* _What you have to do_: In the entries below, find the line containing "Apartamento T2 para Venda em Benfica Foto 4" and the line containing "Used 2020 Chevrolet Equinox LT image 28". Copy those two lines and everything between them exactly, without the pictures.

* _Records to use_:

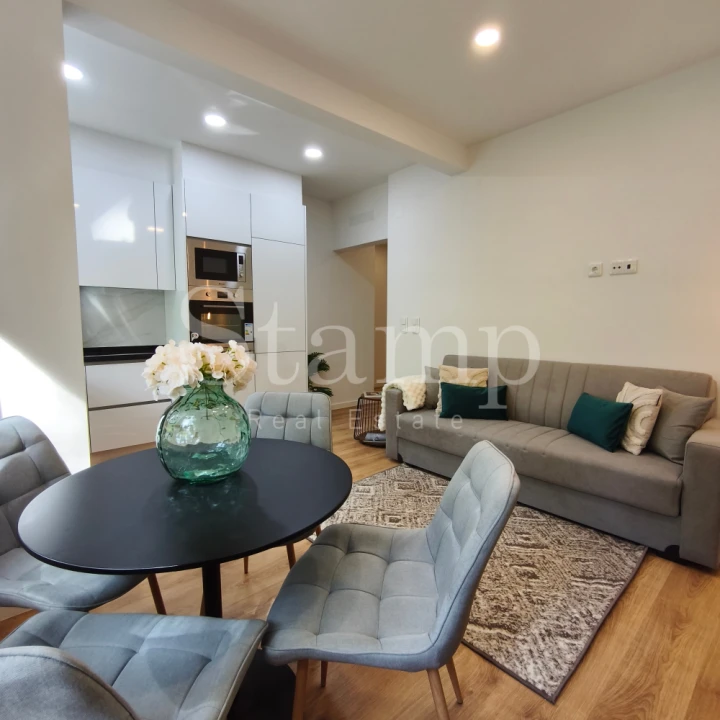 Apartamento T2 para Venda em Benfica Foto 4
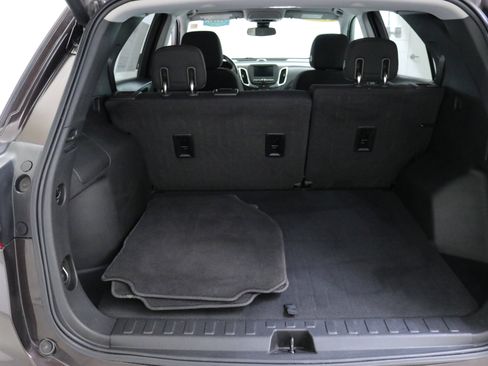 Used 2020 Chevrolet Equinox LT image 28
==
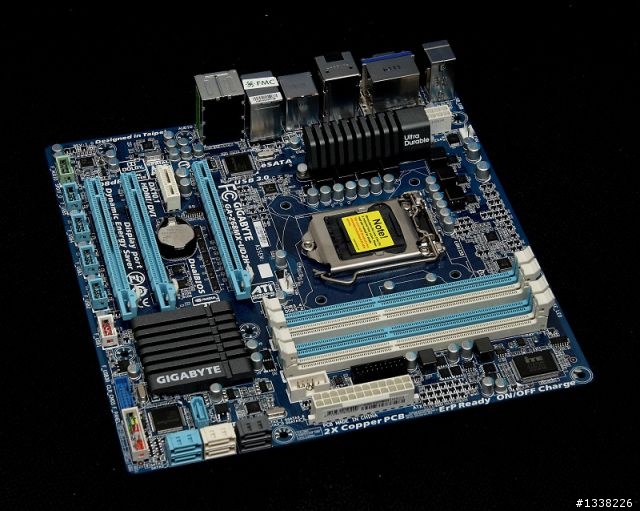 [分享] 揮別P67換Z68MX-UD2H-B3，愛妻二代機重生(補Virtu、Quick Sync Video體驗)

* _Answer to this problem_:
 Apartamento T2 para Venda em Benfica Foto 4
 Used 2020 Chevrolet Equinox LT image 28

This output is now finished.